Wednesday, April 2, 2014

Waiting for Godot Review


I had the great pleasure of attending my first Broadway play last week. It was Ian McKellen and Patrick Stewart in Waiting for Godot, which commanded the sort of cast I’m told you don’t usually get even in New York City. Thanks so much to Ross Dillon and Max Cantor for having me along with them, I, some Philistine who wasn’t sure Broadway was even a real place. It turns out is a place, like a lot of New York City, that exchanged the sky for glowing billboards, making it a fine place to watch two great actors ask each other if life is really happening.

Vladimir and Estragon.
It was a wonderful production. Shuler Hensley played Pozzo as a hooting Texan, which I’d never imagined and immediately adored. Billy Crudup rounded out the cast and completely nailed the role of Lucky, from his weary swaying to that impossible monologue on everything and nothing. There came a point when, as an exhausted Pozzo prepares to leave, Lucky took on a knowing expression and caressed his chin in a way I can scarcely believe they got to work on stage, with Crudup blocking so much of our view and facing away, and yet sharing his expression with a crowd behind him. That’s the level of craft the foursome brought to the play.

Shame on me for my highlight coming out of the non-superstars, but McKellen and Stewart were as sterling as you’d expect. McKellen is the more versatile performer, and here played Estragon with so many senile and demented notes, all with the weight of immense age, that reminded me keenly of my grandfather’s final years. Even gestural suggestions of senility were perfect for Waiting for Godot, and particularly for Estragon, who has to forget so much of what’s allegedly happened in front of us. It detracts from my reading of the play as raw nonsense, deliberately eschewing its own continuity to make points about post-modernism, and yet it fits to humanize the material. I love when good actors read material differently than I do. Art isn’t worth it if we all agree. Then it becomes Heinz ketchup.
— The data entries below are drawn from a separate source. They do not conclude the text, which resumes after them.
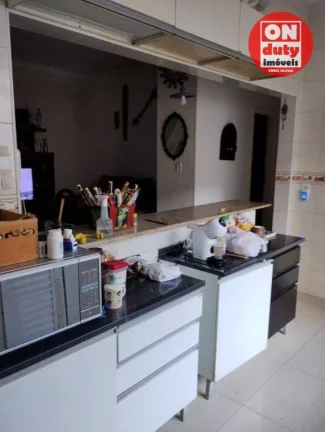 Imagem Apartamento com 2 dormitórios à venda, 120 m² por R$ 770.000,00 - Pompéia - Santos/SP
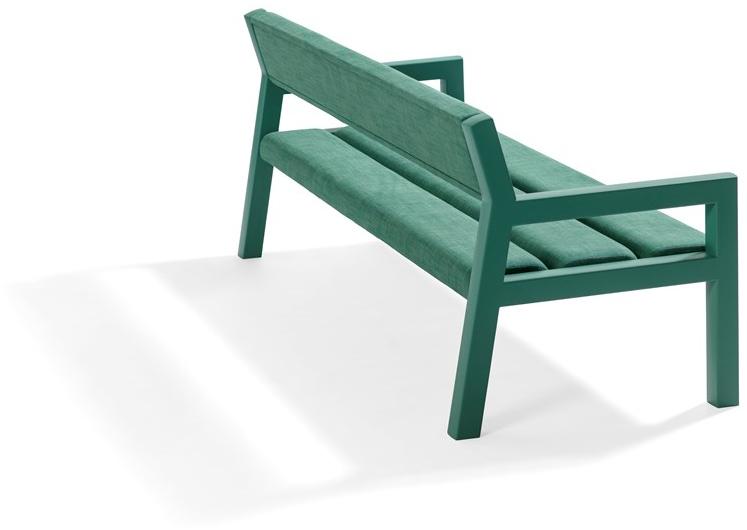 Blå Station Модульная скамья Park+ Bla Station sun-id-1471636 - Вид №33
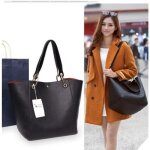 Sac � main femme cuir sac port�s �paule femme sac bandouli�re femme cuir sac femme shopping sac de cours ...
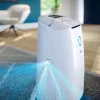 Philips 5000er Serie DE5305/11 odvlhčovač vzduchu 4 L 54 dB biela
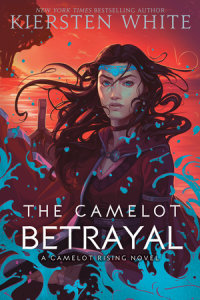 Book cover for The Camelot Betrayal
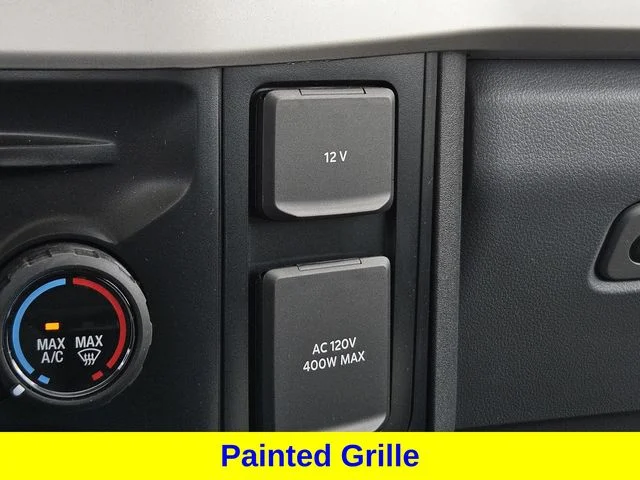 New 2026 Oxford White Ford F-350® XL image 21
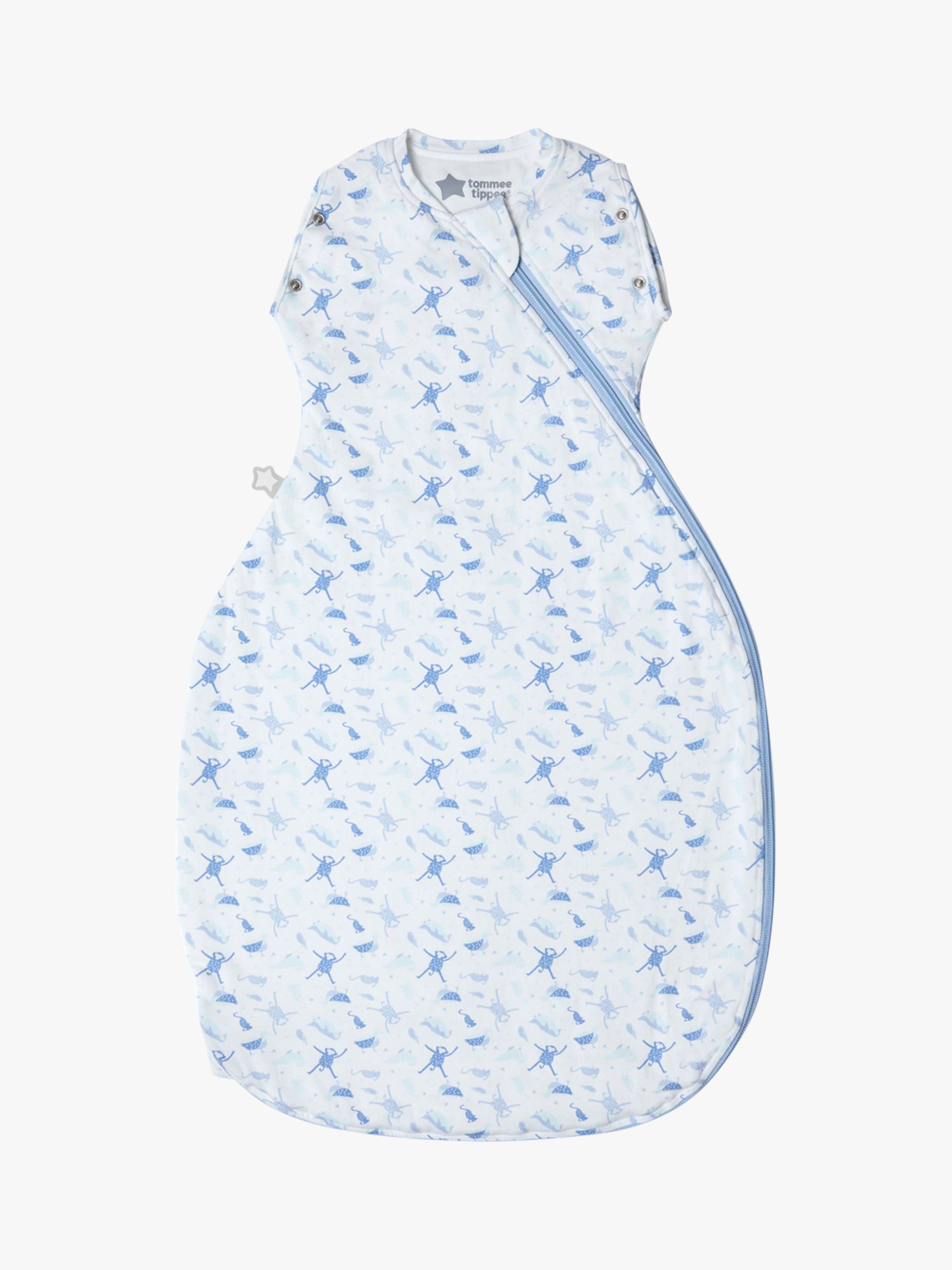 Tommee Tippee The Original Grobag Planet Earth Print Newborn Snuggle Sleep Bag review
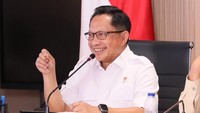 Mendagri Ungkap Kebijakan WFH 1 Hari Sepekan Diumumkan Resmi Besok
Also, I love Heinz ketchup.


Vladimir and Estragon.

McKellen got me thinking about other interpretations of the work, and inspired a vision that can never be: Waiting for Adventure Time. The cartoon is often absurd, but that’s a credential for this kind of mash-up, and is so often about exactly the kind of baffling logic that, here, Vladimir is infuriated with for not working. On the subway ride out, I pitched it to Ross and Max, with Finn as Vladimir and Jake as Estragon, and likely animated by the same crew. They won’t even have to switch backgrounds. Any number of Adventure Time voice actors would fit Pozzo, while if we’re going to get anyone to do Lucky’s monologue, it’s got to be Lady Rainicorn running it in Korean.

The play has that elemental nonsense about it, that honestly does remind me of Adventure Time. Adventure Time follows a contrived internal logic, something unreasonable and that children don’t know isn’t acceptable yet. Waiting for Godot is about a grown man’s inability to deal with that lack illogic. An easy highlight of the show was arguing with my friends over its potential meanings as we were stuck in the stairwell trying to exit the theatre.

Vladimir and Estragon.

And no comparison I make can render me guilty. No, sir and madame, every inane thing I think about Waiting for Godot was made to lofty after the lights in the theatre came up and a woman sitting two rows behind us asked, “Why were they waiting for him?”

That’s another highlight right there. You can get angry, or despair, or relish in gifts like those.

11 comments:

  1. Lucky you. I wanted to see this so bad but couldn't make it to NY. And I was really enjoying your review until I got to this:

    "raw nonsense, deliberately eschewing its own continuity to make points about post-modernism"

    What does that even mean? I would have found the woman who asked why they were waiting funny too, but I suspect for very different reasons than you.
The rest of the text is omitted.